Turn It On

Building Blocks

So how can you up your creativity? When Vance steps in to put a business on a creative path, his first suggestion might seem odd: Get real.

"Forget all the positive thinking stuff you've learned. It's a barrier to creativity," urges Vance. "The only place to start being more creative is to ask yourself how things really are--and to honestly answer that question. Often entrepreneurs kid themselves, seeing only what they want to see. But the universe isn't so forgiving."

Mind you, Vance isn't advising entrepreneurs to plunge into pessimism. "You need a dream," he says. "Walt Disney, with whom I worked for many years, certainly had dreams. But he understood reality and what he needed to do to succeed."

So let's put it bluntly: Don't overestimate your product or service, don't underestimate your competitors, and never exaggerate consumer demand for what you're doing. That leads to delusion, not creativity, says Vance.

The next building block, says Vance, involves turning up the tension. Doesn't tension stifle creativity? Not according to Vance: "I must have 5,000 books in my library that say you need a relaxed, at-ease environment to promote creativity. But my personal experience says the opposite works best. The creative juices flow where there's conflict and tension that puts people on edge."

Vance isn't suggesting that companies adopt cultures akin to war zones, but he praises workplaces where people can speak their minds--even when it ruffles feathers. "At Apple, Steve Jobs was the grain of sand in the oyster, the irritant--and the Mac resulted," Vance says. "Almost any company will benefit from irritants on staff. Don't put too much emphasis on harmony--that can undermine the commitment to creativity."

A third building block is laughter. "Humor can really foster creativity," says Vance. "Thomas Edison started every workday with a joke-telling session--and look at the creativity that came out of his lab. Humor is the unmasking of the hypocritical, and what makes us laugh often is seeing how things are screwed up--then, sometimes, seeing how we can fix them. Whenever I go into a company and don't hear much laughter, I know it's not a creative place."

The fourth building block is to equip a "kitchen for the mind," an idea Vance brought home from his tour as a soldier in the Korean War. Over there, he called a sleeping bag home, and a lonely, even frightening home it was--until an idea clicked in his head, and he transformed a standard government-issue sleeping bag into his own "kitchen for the mind," a place where he could go beyond fear into creativity. He did so by augmenting the spartan sleeping bag with personal touches--family photos, books, writing paper, a radio, tins of cookies, and other creature comforts scrounged from a limited universe of possibilities. These small changes radically transformed the bag into a place where Vance felt at home--and where good ideas came into his head.

The relevance for business? "Every business needs a kitchen for the mind--a space designed to nurture creativity," says Vance.

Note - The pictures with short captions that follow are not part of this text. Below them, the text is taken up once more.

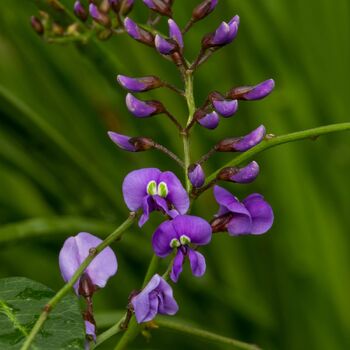 Hardenbergia- Native Wisteria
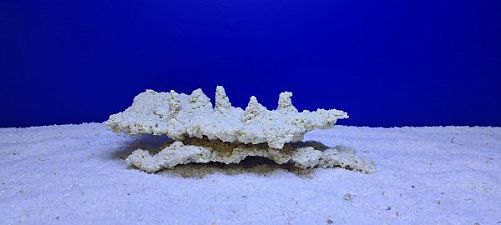 Камень Рифовый Белый, 31х17х9 см, 950 г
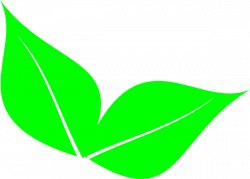 Two Leaf Clipart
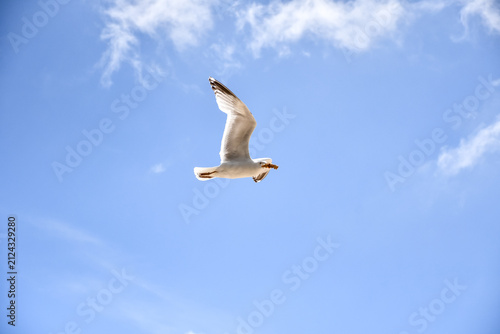 Foto Flying high, large seagull bird carries away food it has scavenged from holiday makers on a summers day at the seaside
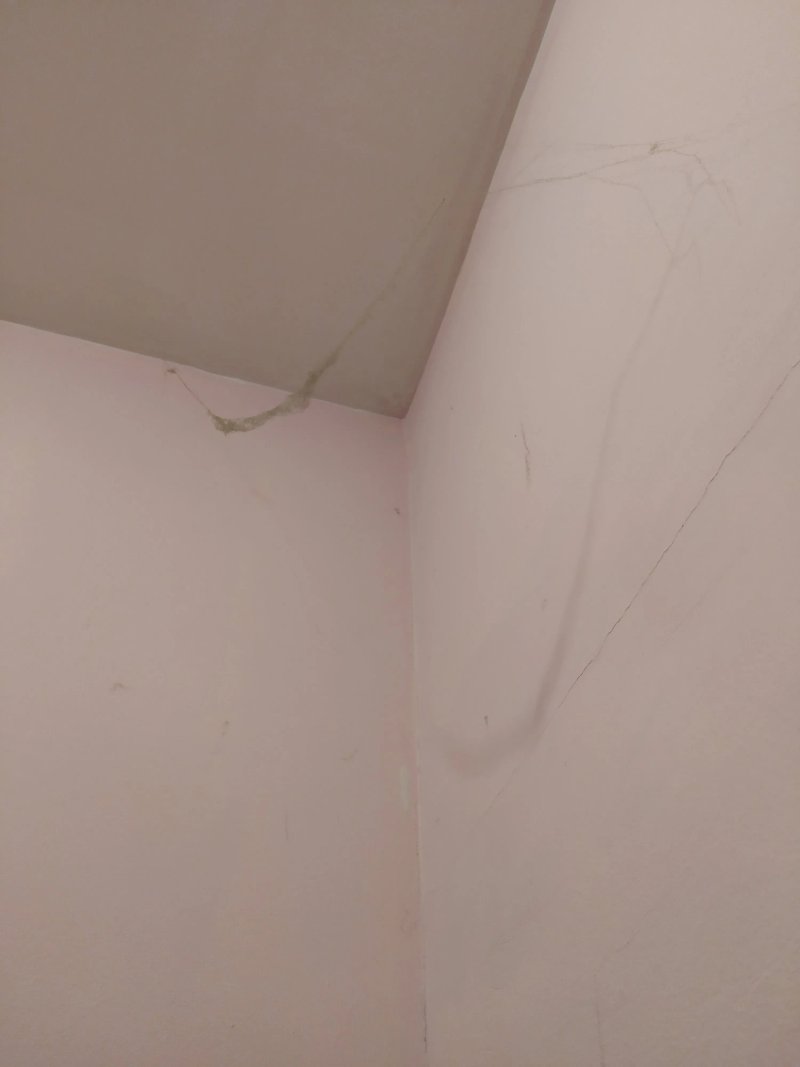 Green Hostel 24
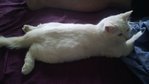 Amang - Domestic Long Hair + Siamese Cat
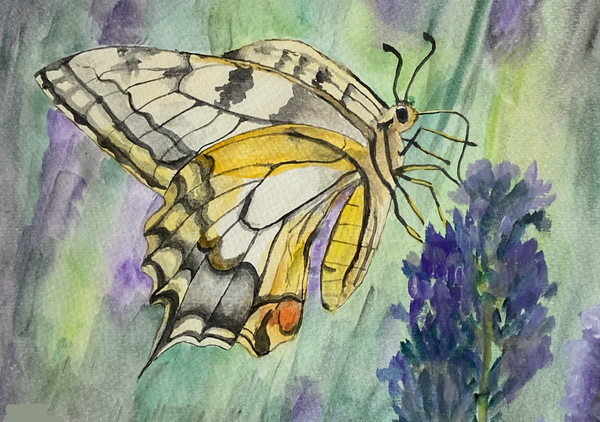Stefan Moitzi - Schmetterling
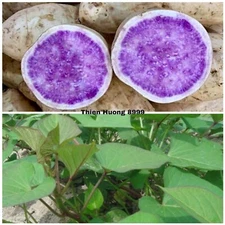 10 Okinawa Sweet Potato Slips- White And Purple Sweet Potato Slips - Khoai Lang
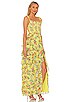 view 2 of 3 Jocelyn Maxi Dress in Floral Express Lemon Sorbet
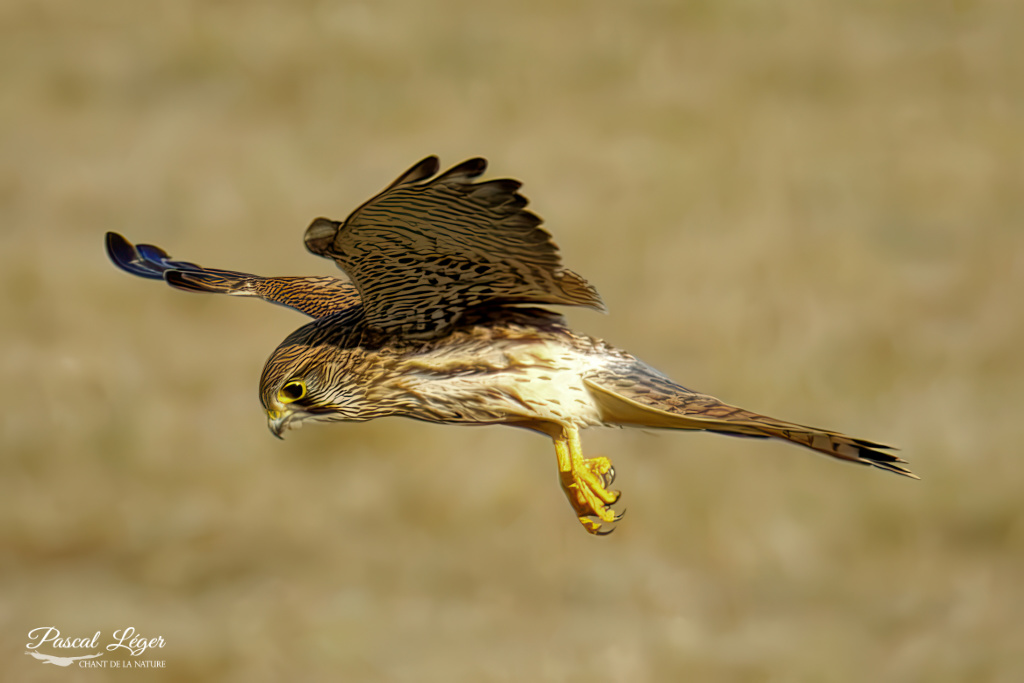 Faucon crécerelle par Pascal Léger photographe Chant de la nature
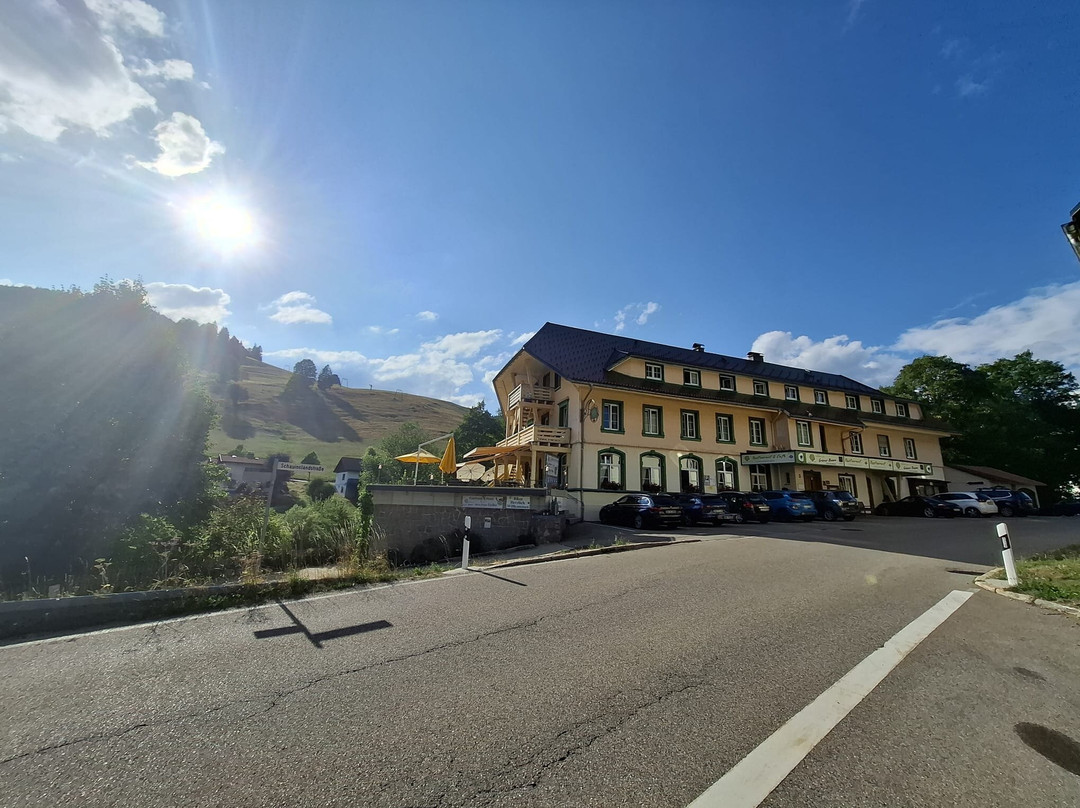 Naturparkhotel Grüner Baum自然公园酒店主图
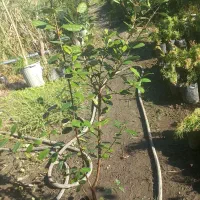 فوجی و گوآوا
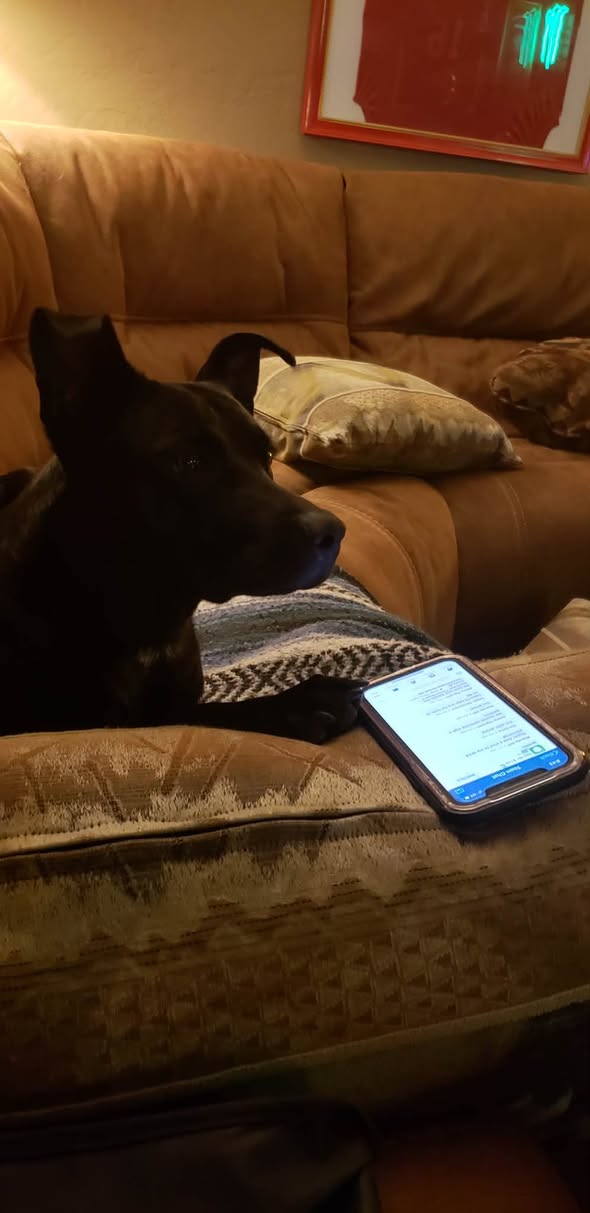 Lost Dog in Tucson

Supplies needn't be costly or elaborate--a chalkboard, a meeting table, a coffee pot, maybe a stereo, possibly toys (like the Girards' darts), and "anything else that stimulates creative juices in you and your team," adds Vance. "In teaching creativity for years, I have found that one of the biggest ingredients is having a communal meeting space that encourages it."

Corporate behemoths from GE to Motorola have been busy setting up their own creative kitchens, equipped with everything from VCRs to high-powered multimedia computers. Can't compete with those expenditures? The good news for entrepreneurs is that "when people's resources are limited, their ingenuity can go crazy, [and they can] really come up with great ideas," says Vance. "Never listen to people who say entrepreneurs don't have the resources for creativity. You have all you need."

A final building block agreed on by almost every creativity teacher is to challenge the status quo. "Conformity to the status quo is a real enemy of creativity," says Vance.

Need an example? Twenty years ago, everybody knew that computers were coming and believed that the fight for dominance would be between mainframes and minicomputers. As for personal computers, they were hobbyists' toys, useless for business computing. Silly as that sounds, everybody believed it to be true--and only renegades like Bill Gates and Steve Jobs saw a different potential for PCs.

"The real beginning point for creativity is emptying your mind--pushing out the ideas you know to be true," says Gleason. "The more successful a businessperson is, the more resistance there can be to doing this. But if you don't, you cannot be really creative."